He holds out his hand, palm up, and taps it with a finger. “Your life. Do you want it?”

Heat Wave

B
efore the sun is completely gone, the moths come out. Swarms of them. They settle on the porch lights and if they stay too long, we hear the snap-burn of their bodies. In the morning we scrape them off the glass. Last year Camille and I made a house for them out of a plastic jug and cut grass, then caught them. If you don’t let them go by morning, they die.

This year we forget about their reaction to captivity and do it all over again.

“Mr. Portsmith’s mowed his lawn,” Camille says. Mr. Portsmith’s mower doesn’t have a grass catcher. “We can go over now. He’s inside having iced tea.”

We walk over to where our yards border and scoop up handfuls of cut, brown grass. It’s been a dry year and June has hit us hard, with record temperatures and the air so sharp it chokes us going down. There’s been so little rain, the news warns us we may have to give up drinking water from our faucets. The government asks us to bathe in three inches of water and not to take showers. Our mother tells us to flush the toilet only when there’s something in there no one else would want to look at. I take that to mean every time I go. Camille says it’s only when we do number two, but she flushes every time. I hear her.

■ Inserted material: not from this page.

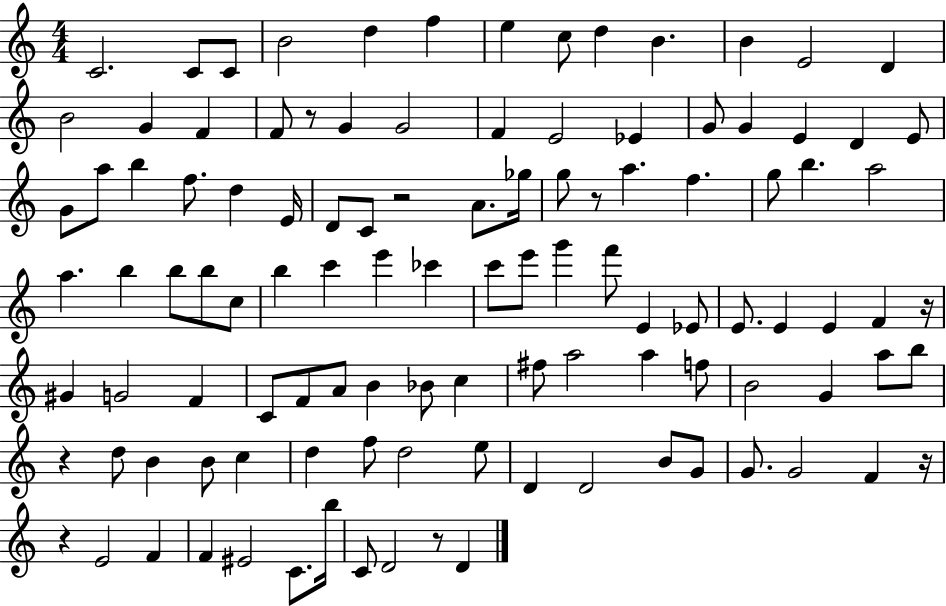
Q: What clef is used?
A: treble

This year we take an old shoe box: Converse, black high-tops, size eleven. They belonged to one of our mother’s boyfriends. We don’t remember who. We make a bed of grass and Camille puts in red rose petals from our bushes. We use a piece of clear wrap for the lid, cut small slits in the plastic so the moths can breathe, then wander around under the streetlights.

Camille looks like a drunk, swaying and grabbing at the air.

Last year we filled the jug. We had thirty of them. They don’t light up like fireflies, or rub their legs together, singing, like grasshoppers do. They don’t beat their wings, frantic for escape. They lay quietly, one on top of another, and fall into a deep sleep.

Camille says they smothered each other. There were too many of them. Or they died from the heat of too many bodies. We went to sleep with the jug on the nightstand between our beds and the light on, and when we woke up in the morning, they were shriveled up on the bottom.

Today they’re killing the man who hurt little boys. Who dragged them off to empty fields and touched their private parts. Then he killed them.

“How?”

“He smashed their heads,” Camille says. “He strangled them with a leather belt.” Probably the one he was wearing.

“He wrapped their heads in plastic so they couldn’t breathe. He’s a real sick bastard.”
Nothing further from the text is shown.